You should not be freezing breastmilk

If you are freezing fresh breastmilk and feeding your baby previously frozen milk everyday, you may want to reconsider why you’re doing this. Because this is what everyone else is doing? There are too many articles out there teaching you how to generate a freezer stash of breastmilk, and too few articles explaining why frozen breastmilk is inferior to fresh and fridged breastmilk. Frozen breastmilk is still better than formula though.

Do you need a giant freezer stash?

A few weeks ago, I was preparing to transition to working part-time, and one of the issues that came up was creating a freezer stash. I read up about how to create a substantial freezer stash painlessly, and got started a couple of weeks early (thinking I was late to the game actually). In the meantime, I was also starting to go out some times in the afternoons to leave my baby with grandma for practice. Those days, I just leave the pumped milk in the fridge instead of freezing because my baby wants her milk ASAP, and my mom doesn’t always have time to thaw frozen milk if she runs out. It seemed a superior system to me – I don’t have to buy a ton of milk freezing bags, and take up a ton of space in the freezer. I know there are people who leave fresh milk for their babies, but everyone on the internet forums seemed obsessed with pumping up a stash to use. You can tell pumping large quantities is an obsession when “How I pumped and froze 1000oz of breastmilk” is next to the “How I earned $100,000 working from home” ad spam on the sidebar.

How do you use your freezer stash? I am under the impression that people take out the oldest milk, and freeze the day’s pumping, keeping the supply constant. Of course, there are those who freeze 6 month’s worth of milk so that they can stop pumping but continue feeding their LO breastmilk. In the latter case, you will need to freeze your breastmilk. But for most people, the freezer stash is more of a just in case they run low on milk that one day or that one afternoon. If this is your situation, you don’t need more than a day’s worth of milk in the freezer.

Freezing kills the white blood cells in breastmilk

I’m a biology researcher, and in my work we have to carefully consider how to store biological samples depending on their purpose. The freezer is usually an inferior form of storage. Freeze-thawing kills many types of samples, and we usually have to include additives to keep things in good shape. But you can’t add stuff to breastmilk to freeze it.

So what exactly is in breastmilk that will die in the freezer? White blood cells for one. If you remember from high school biology, an animal cell is just a fragile bag of water and stuff. Water expands when frozen, disrupting the membrane and bursting/killing the cell. Those white blood cells in breastmilk are all killed by freezing.

Slightly more complicated are the proteins. We don’t know all of the proteins in breastmilk, but there are probably hundreds of them. Some of them, like amylase and lipase, survive freezing. Those are rare examples. Most proteins will be damaged by the freezing process and inactivated. This is why you can store your freshly expressed milk in the fridge for 5 days, but your thawed milk won’t last 24 hours in the fridge. The antibacterial properties are much diminished by freezing.

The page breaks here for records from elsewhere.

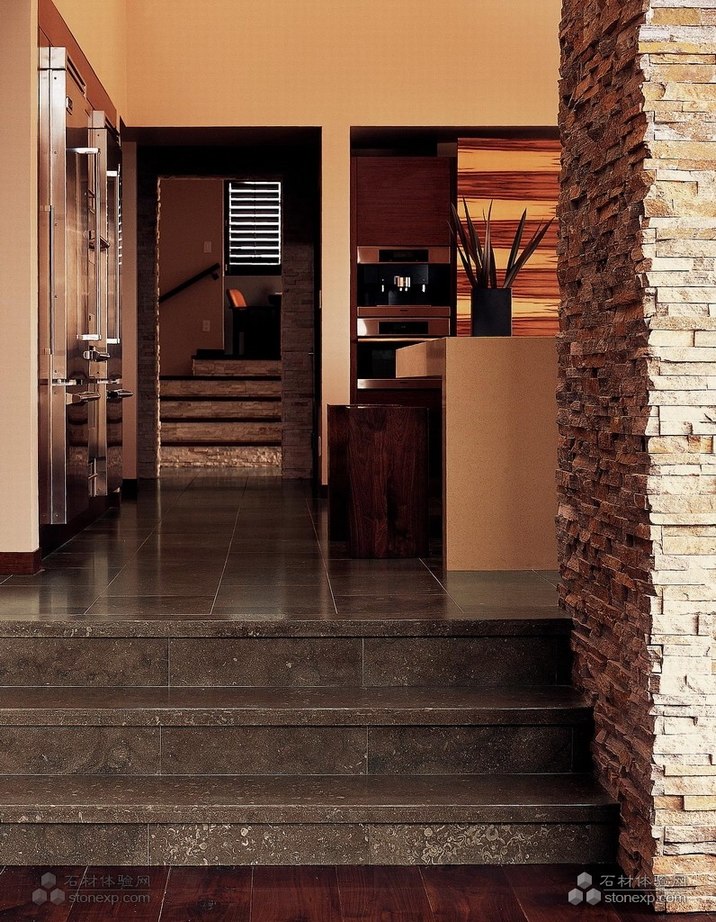 国外开放式厨房楼梯设计
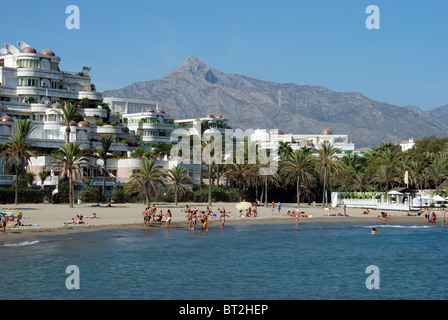 Urlauber am Strand, Puerto Banus, Marbella, Costa Del Sol, Provinz Malaga, Andalusien, Südspanien, Westeuropa. Stockfoto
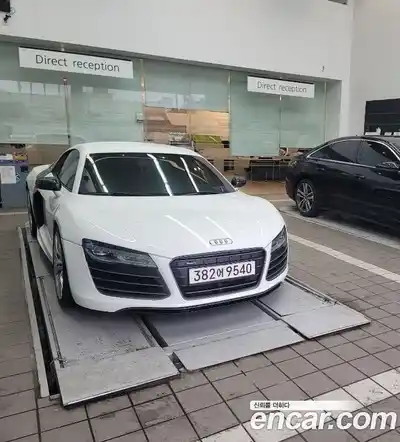 Audi R8 2013 5.2 гидро в Москве № 1195632, миниатюра 10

Age appropriate breastmilk

There is the other consideration of age of milk. One of the best things about breastmilk is that your body tailors the composition to your baby. There is more fat in breastmilk for older babies, more water in breastmilk in the summer. By rotating your frozen milk out and your fresh milk in, your optimized breastmilk is no longer optimized. An occasional feed of frozen milk won’t make a difference, but if you are feeding your baby frozen milk everyday for 8 hours unnecessarily, you should think again.

My intended milk cycling system

My current freezer stash is ~10 bags of 3oz, saved over random pumping sessions when I was engorged and had to remove the milk (ate oatmeal cookies without realizing how potent they were for instance). I think this is more than sufficient for emergencies.

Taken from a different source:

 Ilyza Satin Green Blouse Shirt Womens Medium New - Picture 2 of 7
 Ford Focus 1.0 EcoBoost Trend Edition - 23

My plan for when I start work again next week is to pump exactly what my baby needs each day. I’ll be gone for about 5 hours, so it’s 5 x 1.5 oz = 7.5 oz. It seems a little ambitious for one pumping session, so I’ll be pumping in the middle of the night, once at work, and possibly when I get home/before I go to work, depending on when my baby feeds. I’ll store the milk in the fridge for the next day. Friday’s milk will be used sometime over the weekend when we go out – I haven’t figured out how to breastfeed in public, so we bottlefeed when we go out.  Any extras will be frozen, and if we need more than 7.5oz, we will take it from the freezer – this also means I will have to start pumping more than 7.5 oz.

As for the freezer stash, if we don’t end up using it along the way, I plan to cycle the bags after a month. I care about the changes in nutritional content as my baby ages, so it would be better to cycle it regularly. If I end up using an emergency bag, I will be replacing it that same day as much as possible.

It will become a lot more challenging when I have to work full-time, but the plan for now is to increase the number of pumping sessions at work. One should be pumping every 3 hours to keep the milk supply, so I would probably have to increase it to at least twice at work, and immediately after reaching home/before I leave for work to last 9 hours (13.5 oz!). I’ll work it out properly when that time comes.